El amor por la ingeniería inició cuando ingresó a estudiar en el Colegio Técnico Don Bosco, en Alajuelita, donde participó del programa de talleres exploratorios cursando materias como electricidad e informática, lo que la guió hacia lo en lo que quería dedicarse.
"El principal reto es que como mujeres no nos enseñan que esta carrera puede ser para que nos desarrollemos. Muchas veces está estereotipada (…) hay muchas áreas donde nos podemos desempeñar. No nos enseñan que esta puede ser una opción para nosotras, porque a nivel de industria es muy masculino. A nosotras las mujeres nos cuesta mucho probar que somos valiosas para la organización. Eso es lo más difícil".
Para Karen Cordero uno de los retos es que muchas veces las mujeres sufren de discriminación cuando escogen una carrera relacionada al STEM. Según dice "somos nosotras mismas las que tenemos que dar el ejemplo de que somos capaces y que podemos igual dar todo nuestro potencial para servicio y mostrar ese máximo que tenemos en carreras de ciencias, matemáticas o ingenierías".
Cordero asegura que muchas veces enfrentó situaciones que le afectaron emocionalmente, pero que al final le ayudaron a tener un mayor carácter.
"Pero realmente eso es lo que me ha ayudado a formar carácter y a tomar coraje para enfrentar las diferentes situaciones que se van presentando y también a tener experiencia para dar el siguiente paso a nivel profesional e incluso personal".
Anteriormente, participó incluso en las olimpiadas nacionales de química, lo que la marcó para decidirse por estudiar la carrera de ingeniera en materiales, puesto que ocupa actualmente en la empresa Hologic.
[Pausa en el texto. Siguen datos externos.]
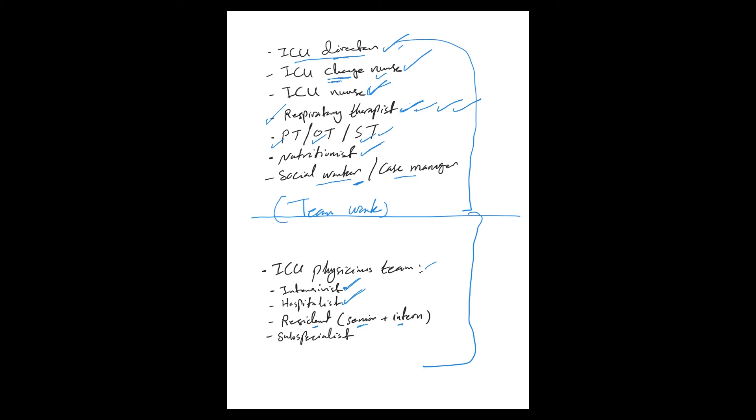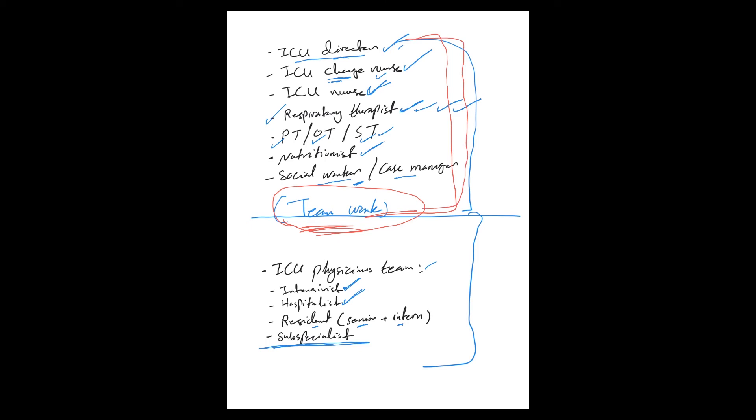You have the subspecialists that are involved, the cardiologists, neurologists. All of these, as you see, taking care of critically ill patients is a teamwork, and that's very important. Don't underestimate this team on the upper part, and I put it at the first because they are so important.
"Hay muchas chicas que ahora se han sentido interesadas. Es responsabilidad de las que estanos aquí y de las que vienen en camino de seguir dando esa lucha y mostrando que podemos hacer las cosas, explotando ese potencial que tenemos", comentó.
Ambas coinciden en aconsejar a las mujeres a que se atrevan a irrumpir en este tipo de carreras, pese a que tradicionalmente han sido ocupadas por hombres.
"Sin duda son carreras estereotipadas, es difícil luchar contra ello para que las mujeres lleguen ahí. Aún falta mucho trabajo para que las niñas y las jóvenes se acerquen a estas carreras y no les tengan miedo. Lo primero es empoderarse de la información (…) no debemos caer en esos estereotipos. Hay que perderle ese miedo a ‘me va a ir mal'. No tenemos que ser perfectas, y por último si tienen esa espinita (de estudiar ingenierías) vayan por ahí", finalizó Rodríguez.